Whenever I heard Vivek mention her mention, I never got it and I really don’t
know what he used to call her, by some nickname may be. Nevertheless, I did try
to find out her name, typing similar sounding name in Outlook and pressing
CTRL+K only to find “no results found”. I also tried to have a cursory glance at
dangling employee-ID card of hers (come on guys many of you might have done
that), but again to no avail.
One fine day, my efforts did yield some result and I figured
out her surname, it was a Parsi sounding surname to the likes of “Daruwala” or
“Batliwala”. I thought "wow" a Parsi girl that is a definitely a good start,
quickly typed that name in Outlook and pressed CTRL+K. Fortunately Cognizant
have only two people with that surname one male other female and Bingo! Here
was her name in front of my eyes,
It read Miss A _ _ _ _ _ _ _ _ _ _ wala. It felt like a sweet discovery.
For those who are anticipating the name. That is not going
to happen.
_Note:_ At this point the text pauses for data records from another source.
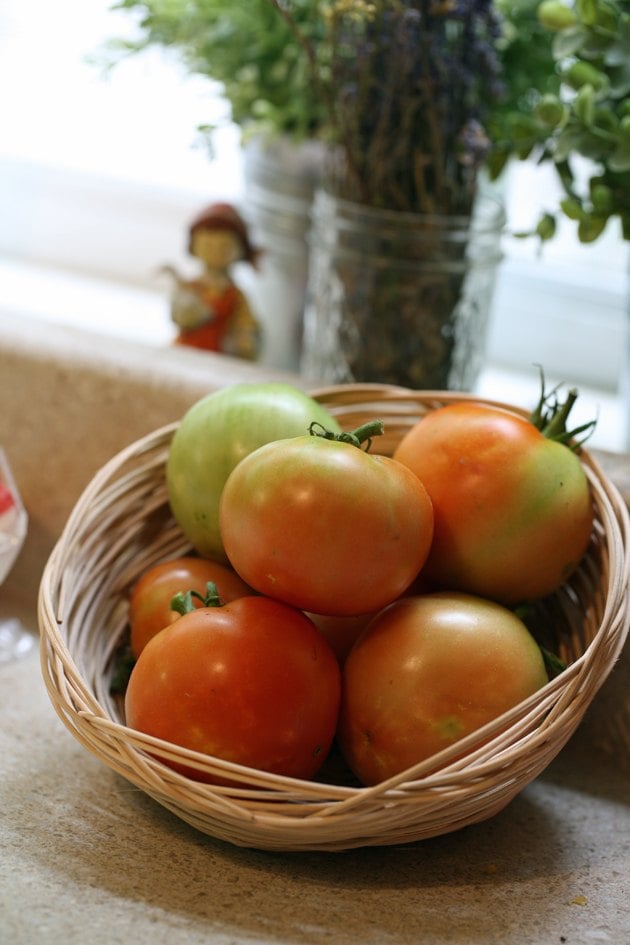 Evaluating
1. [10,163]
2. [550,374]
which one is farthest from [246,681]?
[10,163]

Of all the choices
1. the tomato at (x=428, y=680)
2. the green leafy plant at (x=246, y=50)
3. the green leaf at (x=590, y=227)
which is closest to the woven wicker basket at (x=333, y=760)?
the tomato at (x=428, y=680)

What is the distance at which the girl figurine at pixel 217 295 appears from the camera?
103 cm

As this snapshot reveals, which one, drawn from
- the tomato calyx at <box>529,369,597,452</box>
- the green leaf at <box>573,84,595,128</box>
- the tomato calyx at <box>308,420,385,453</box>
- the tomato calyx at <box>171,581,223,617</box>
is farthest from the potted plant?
the tomato calyx at <box>171,581,223,617</box>

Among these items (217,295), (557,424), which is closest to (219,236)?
(217,295)

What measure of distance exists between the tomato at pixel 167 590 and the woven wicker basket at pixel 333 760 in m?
0.03

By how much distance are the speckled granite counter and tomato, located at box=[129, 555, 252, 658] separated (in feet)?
0.30

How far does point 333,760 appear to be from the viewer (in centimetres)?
63

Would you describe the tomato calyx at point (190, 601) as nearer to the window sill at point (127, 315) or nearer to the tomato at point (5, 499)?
the tomato at point (5, 499)

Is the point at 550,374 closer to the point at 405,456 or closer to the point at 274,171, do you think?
the point at 274,171

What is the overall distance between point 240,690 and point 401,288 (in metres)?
0.45

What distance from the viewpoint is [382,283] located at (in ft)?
2.90

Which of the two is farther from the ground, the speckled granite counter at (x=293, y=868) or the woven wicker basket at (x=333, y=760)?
the woven wicker basket at (x=333, y=760)

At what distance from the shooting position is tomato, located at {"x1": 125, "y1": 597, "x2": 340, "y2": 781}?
522 mm

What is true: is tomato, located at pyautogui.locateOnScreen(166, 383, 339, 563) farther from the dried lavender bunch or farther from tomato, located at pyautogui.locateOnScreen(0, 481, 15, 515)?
the dried lavender bunch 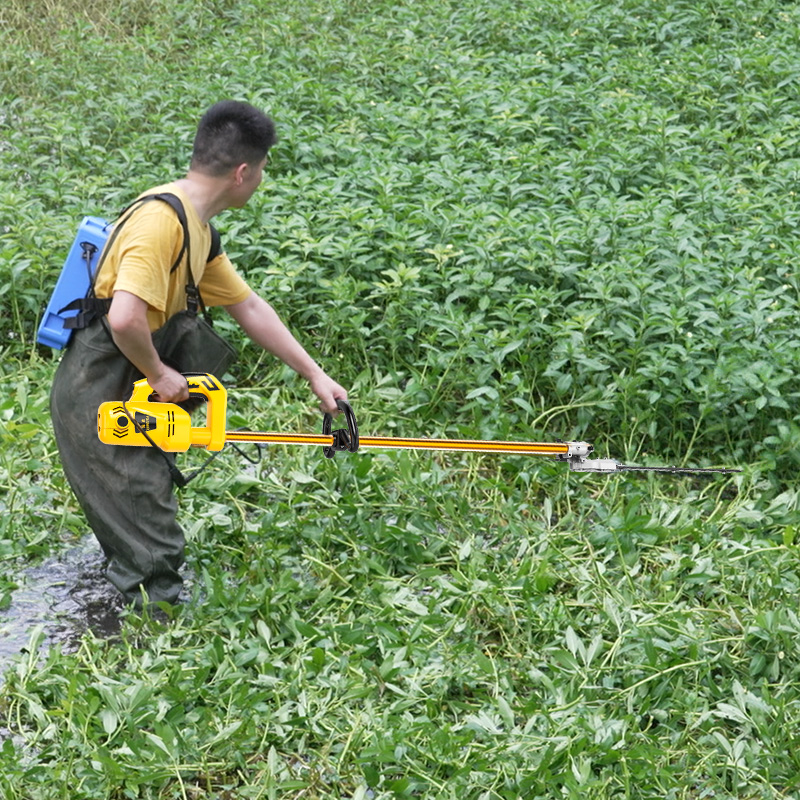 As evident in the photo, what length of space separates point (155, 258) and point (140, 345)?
0.81 feet

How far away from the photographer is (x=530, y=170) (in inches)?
243

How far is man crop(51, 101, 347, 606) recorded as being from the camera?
10.7 ft

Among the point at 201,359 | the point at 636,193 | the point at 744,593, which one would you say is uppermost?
the point at 201,359

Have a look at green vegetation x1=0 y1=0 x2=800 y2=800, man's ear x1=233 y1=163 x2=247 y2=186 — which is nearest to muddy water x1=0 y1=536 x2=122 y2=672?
green vegetation x1=0 y1=0 x2=800 y2=800

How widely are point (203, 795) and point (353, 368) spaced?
236cm

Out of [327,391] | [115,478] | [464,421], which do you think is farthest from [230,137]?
[464,421]

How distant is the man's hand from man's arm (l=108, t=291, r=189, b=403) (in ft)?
1.55

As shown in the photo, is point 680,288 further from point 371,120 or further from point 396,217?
point 371,120

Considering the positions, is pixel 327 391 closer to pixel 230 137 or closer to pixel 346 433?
pixel 346 433

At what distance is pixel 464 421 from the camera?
486cm

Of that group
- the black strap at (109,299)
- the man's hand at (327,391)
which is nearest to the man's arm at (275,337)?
the man's hand at (327,391)

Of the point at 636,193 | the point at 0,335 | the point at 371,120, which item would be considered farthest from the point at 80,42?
the point at 636,193

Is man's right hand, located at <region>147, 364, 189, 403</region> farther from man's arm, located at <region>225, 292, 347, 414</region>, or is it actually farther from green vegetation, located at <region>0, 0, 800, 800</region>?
green vegetation, located at <region>0, 0, 800, 800</region>

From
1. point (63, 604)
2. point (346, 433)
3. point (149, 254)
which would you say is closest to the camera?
point (149, 254) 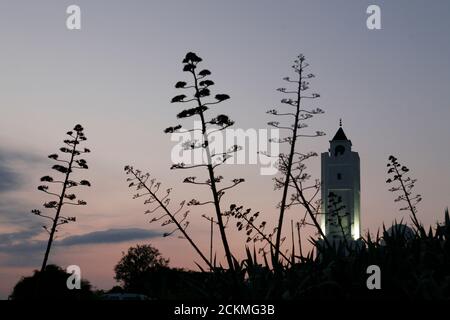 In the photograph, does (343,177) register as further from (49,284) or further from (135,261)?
(49,284)

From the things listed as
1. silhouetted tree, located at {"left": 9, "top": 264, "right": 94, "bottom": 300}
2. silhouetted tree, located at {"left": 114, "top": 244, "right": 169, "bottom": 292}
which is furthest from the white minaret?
silhouetted tree, located at {"left": 9, "top": 264, "right": 94, "bottom": 300}

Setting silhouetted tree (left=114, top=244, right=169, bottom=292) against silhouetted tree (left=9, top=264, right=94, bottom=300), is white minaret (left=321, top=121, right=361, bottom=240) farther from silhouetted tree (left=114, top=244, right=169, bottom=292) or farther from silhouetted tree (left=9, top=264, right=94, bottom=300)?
silhouetted tree (left=9, top=264, right=94, bottom=300)

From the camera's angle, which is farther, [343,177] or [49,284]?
[343,177]

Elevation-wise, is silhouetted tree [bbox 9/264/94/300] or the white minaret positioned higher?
the white minaret

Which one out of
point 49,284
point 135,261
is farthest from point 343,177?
point 49,284

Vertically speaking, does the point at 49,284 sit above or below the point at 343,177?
Answer: below

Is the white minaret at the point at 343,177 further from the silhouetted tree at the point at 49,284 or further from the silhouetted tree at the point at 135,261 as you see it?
the silhouetted tree at the point at 49,284

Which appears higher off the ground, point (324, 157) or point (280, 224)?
point (324, 157)

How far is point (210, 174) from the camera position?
56.2ft

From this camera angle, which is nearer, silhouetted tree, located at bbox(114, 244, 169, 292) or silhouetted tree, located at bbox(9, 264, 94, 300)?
silhouetted tree, located at bbox(9, 264, 94, 300) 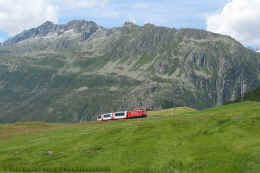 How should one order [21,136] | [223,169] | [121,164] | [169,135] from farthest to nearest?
[21,136], [169,135], [121,164], [223,169]

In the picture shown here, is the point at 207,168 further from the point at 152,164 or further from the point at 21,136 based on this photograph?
the point at 21,136

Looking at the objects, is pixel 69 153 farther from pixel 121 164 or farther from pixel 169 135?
pixel 169 135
For the readability sake I am going to mention her as “You
–Know-Who”.
Fast forward to few days>>
“People say that you need a bridge to connect two people…but
there are certain cases wherein two people connect when the bridge is gone”
That is exactly what happened with me and “You-Know-Who”.
Vivek went to Mumbai and two of my Tamil team mates don’t speak/understand
hindi much, hence she was effectively left with no choice but me for somebody
to talk in hindi. My home “CEEBROS” played its sweet part as I came to
understand that she lives in the same apartment. What more, in an unexpected
turn of events my two tamil team mates also got transferred to other location
and left only two of us at the Lunch table.
So, on the first lunch table with her, to get the
conversation started I asked where she hails from? She replied with more than I
asked for. In her typically Punjabi -cum- Bihari accent, she retorted that she
is from Hyderabad and quickly added that she did her graduation from Mumbai. I was
quietly pleased that I do have something in common with her after having done
my post-grad in Mumbai and worked in Hyderabad for around 4 yrs. Very quickly,
I realized wow what a great company this “Hyderabadi” girl is and quietly thanked
god that after all something worthwhile did happen in Chennai. May be… just may
be “the squeeze is worth the juice”.
And to the "juice counter" is where we headed for. There we talked about some stuffs,
cribbed about Chennai and as expected she had a much higher possession of words
in our conversation. We parted after the lunch and I quickly went back and
added her in the office-communicator, just to find out that she has a middle
name starting with letter “A” too. It would take me some days to find out what
this “A” stood for.
We went back from office in the bus shuttle to CEEBROS and
fixed up when to catch the bus to office tomorrow. This set the pace for what
was about to be called “four FAADU days”.